DIRECTIONS. In the entries that follow, locate the line with "ToIranTour - A", then restate that line and all later lines exactly as they appear, leaving pictures out.

----

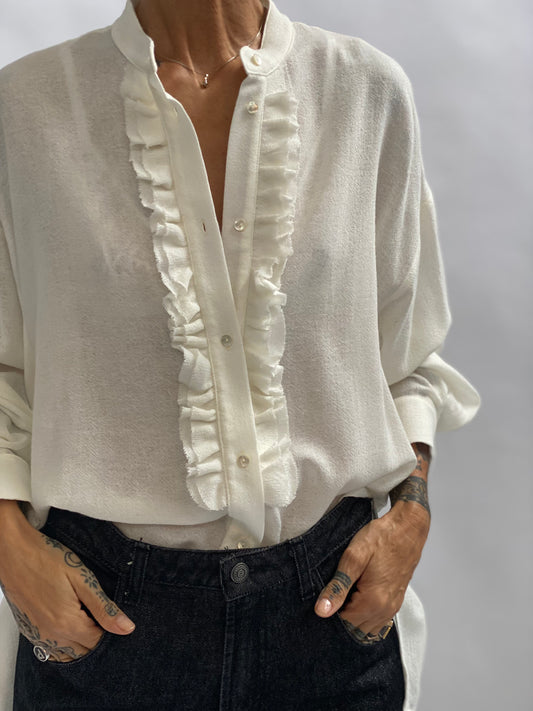 Serafino shirt with ruffles
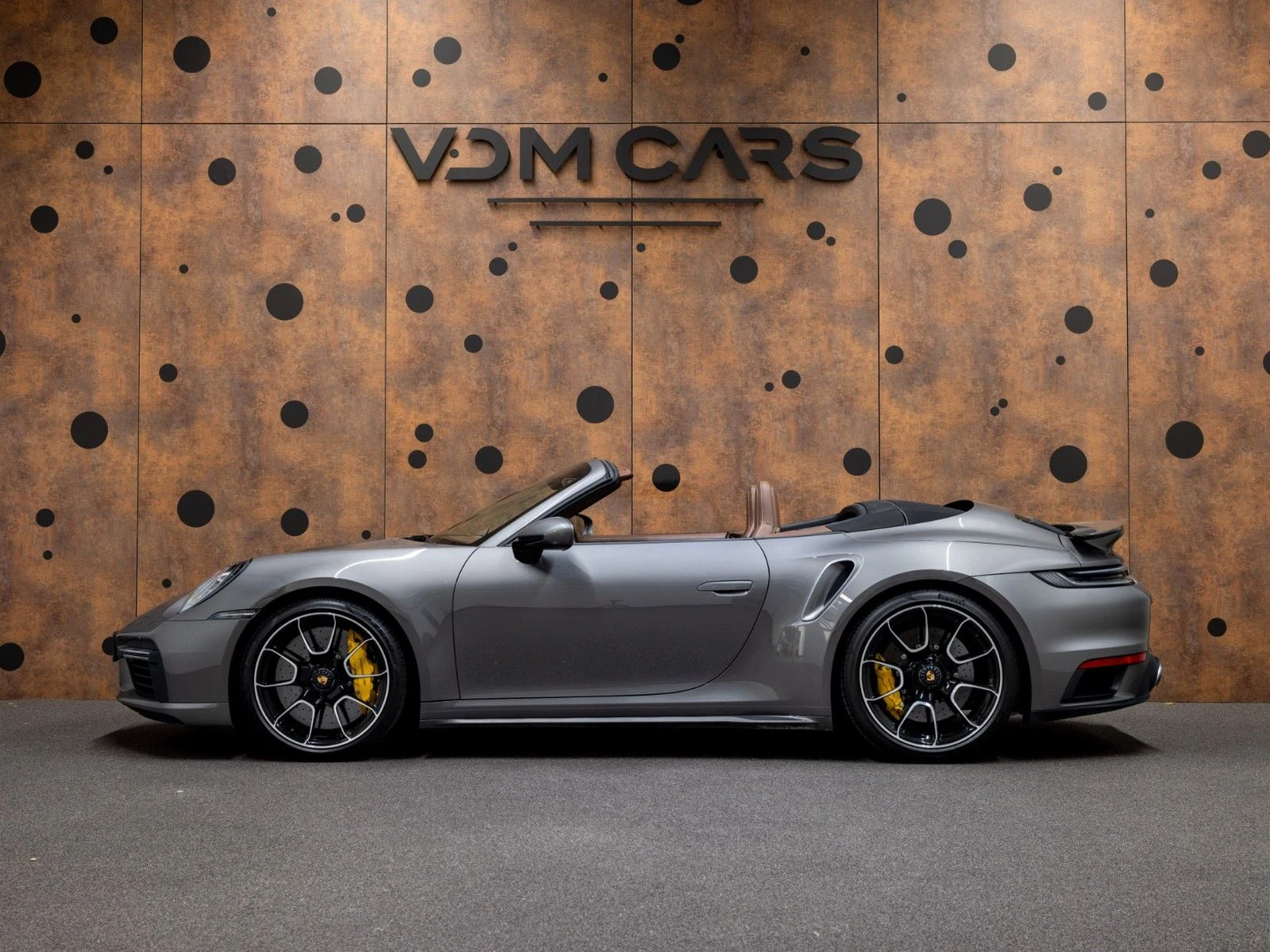 2023 Porsche 911 (992) Turbo S Cabriolet, 2/20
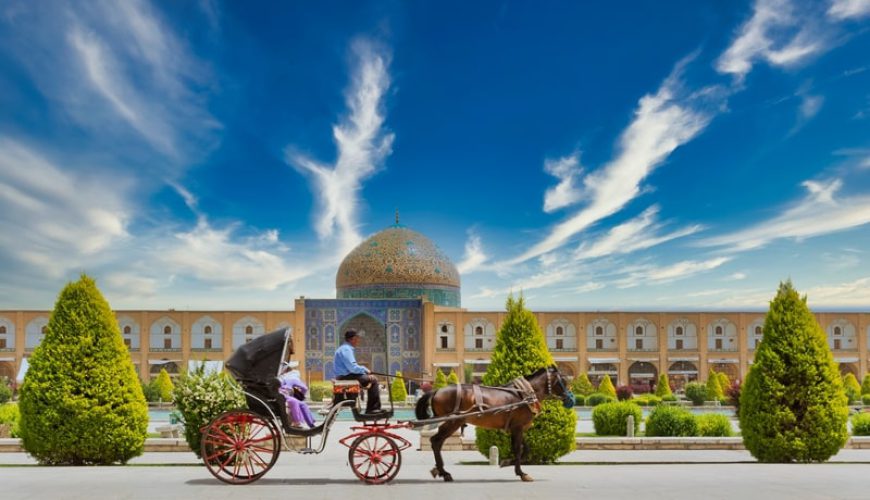ToIranTour - A carrige taking travelers in Naghsh-e Jahan Square - Isfahan - Iran Classic Tour
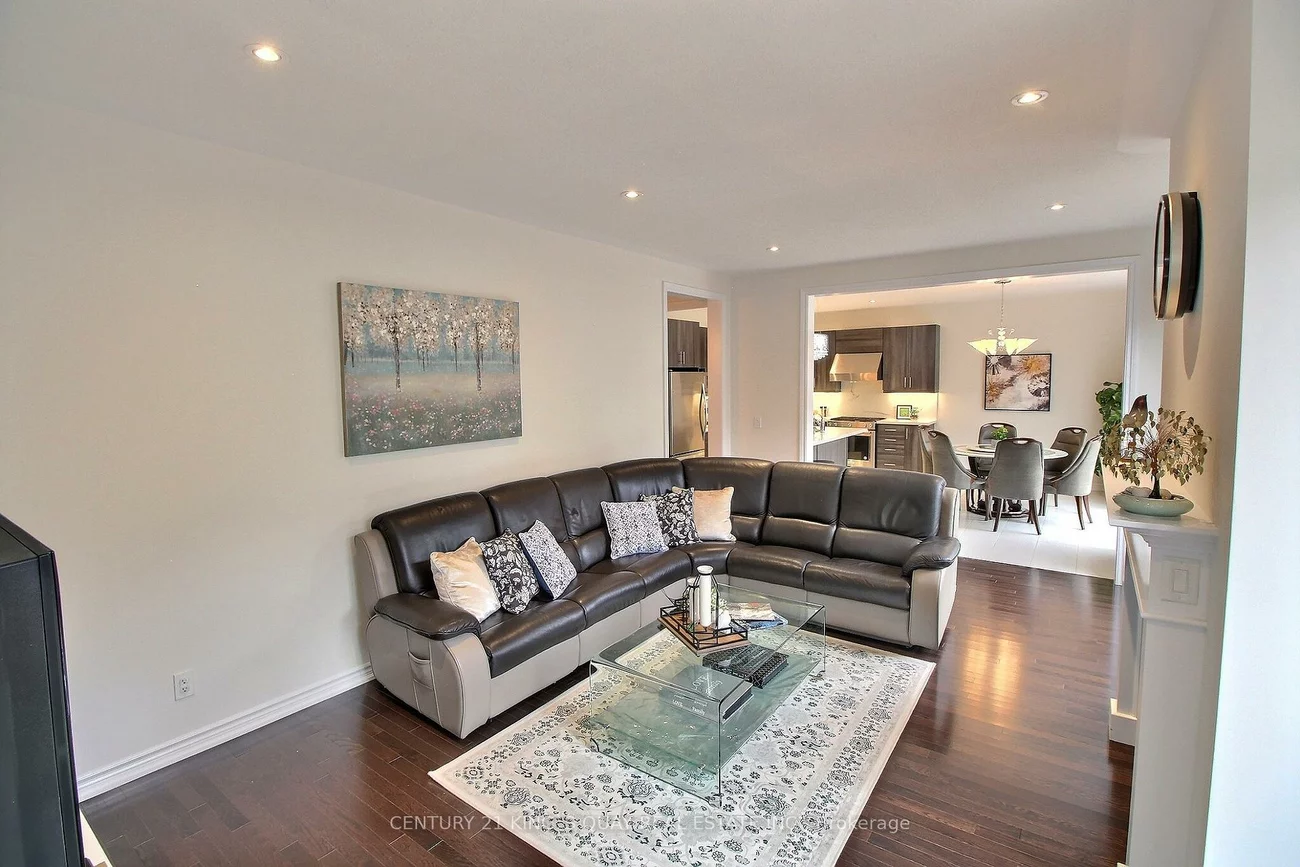 45, Chessington, Queensville, East Gwillimbury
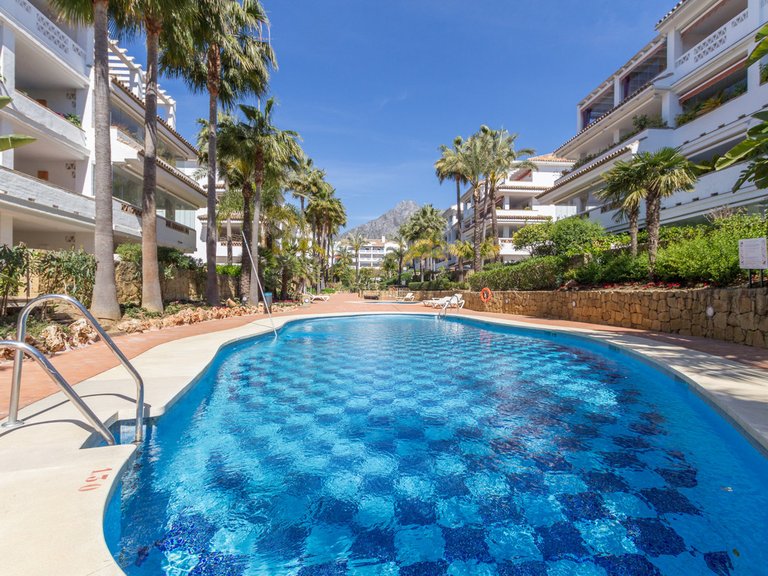 Apartment for Sale in The Golden Mile, Malaga 11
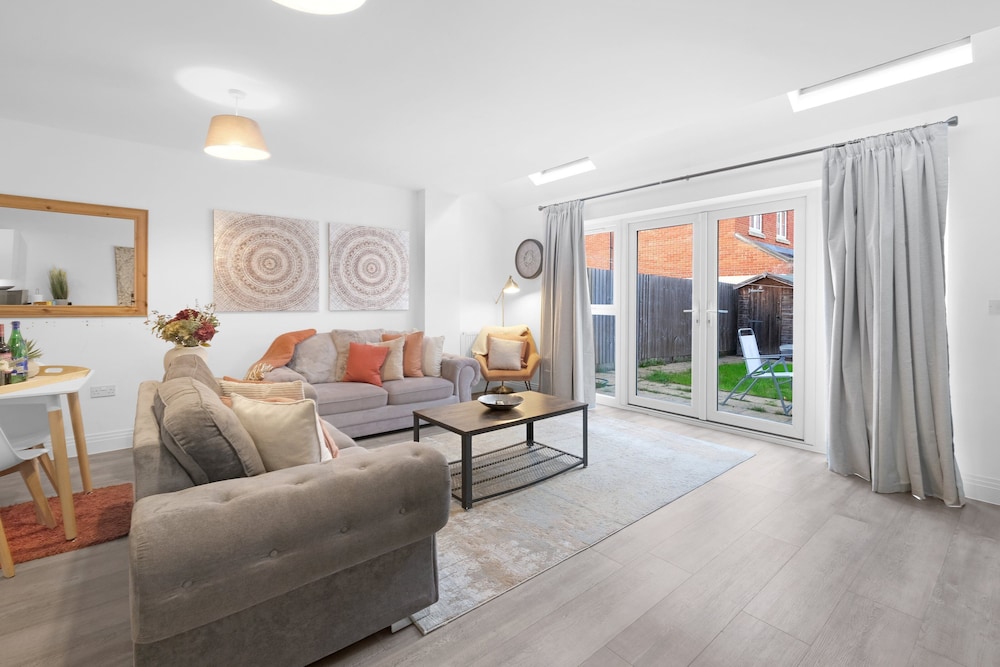 Spacious 6 Bedroom House in Denton Way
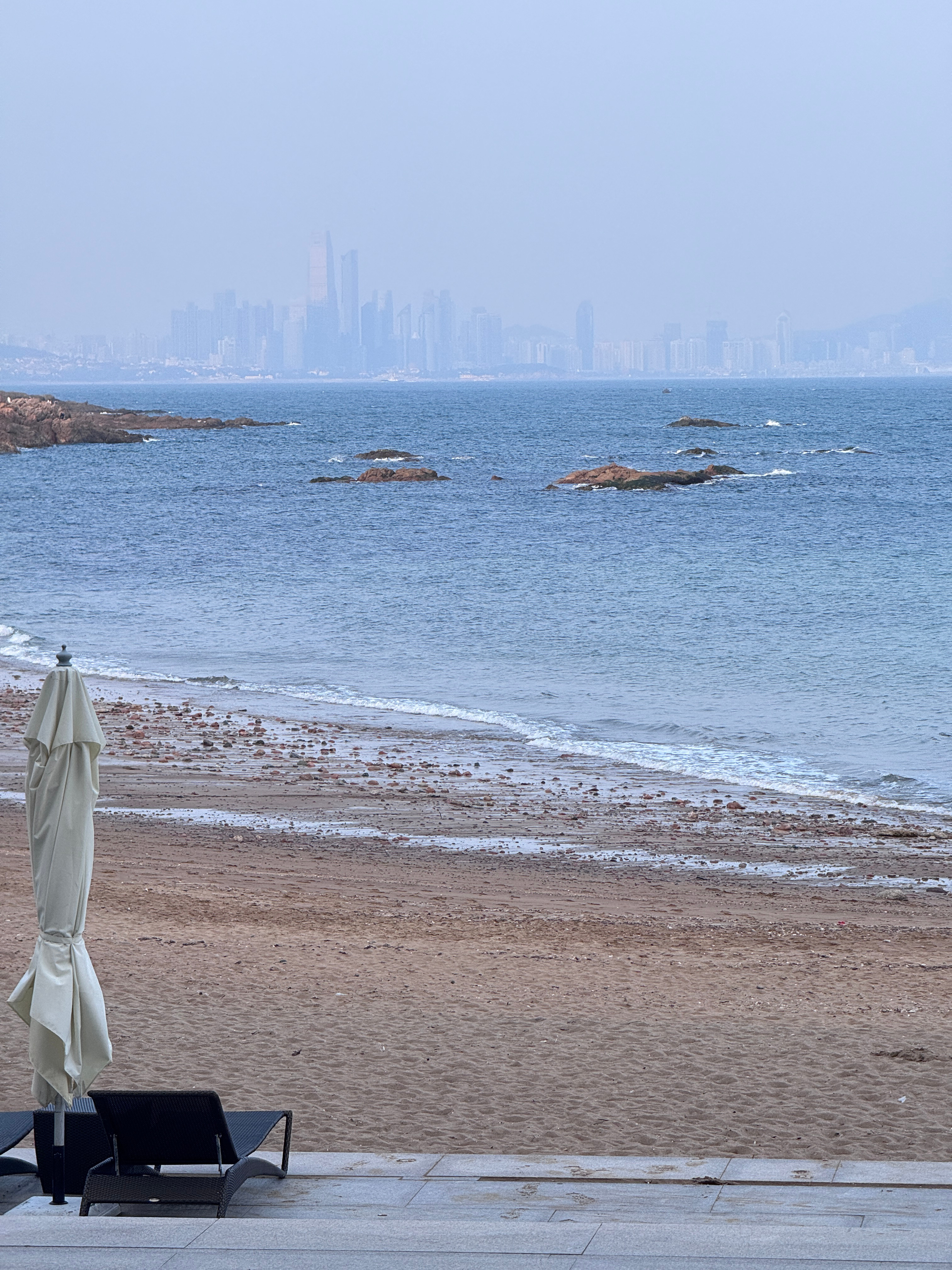 此刻 阴天 我在看海你们呢？  ​​​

----

FINISHED EXERCISE.
ToIranTour - A carrige taking travelers in Naghsh-e Jahan Square - Isfahan - Iran Classic Tour
 45, Chessington, Queensville, East Gwillimbury
 Apartment for Sale in The Golden Mile, Malaga 11
 Spacious 6 Bedroom House in Denton Way
 此刻 阴天 我在看海你们呢？  ​​​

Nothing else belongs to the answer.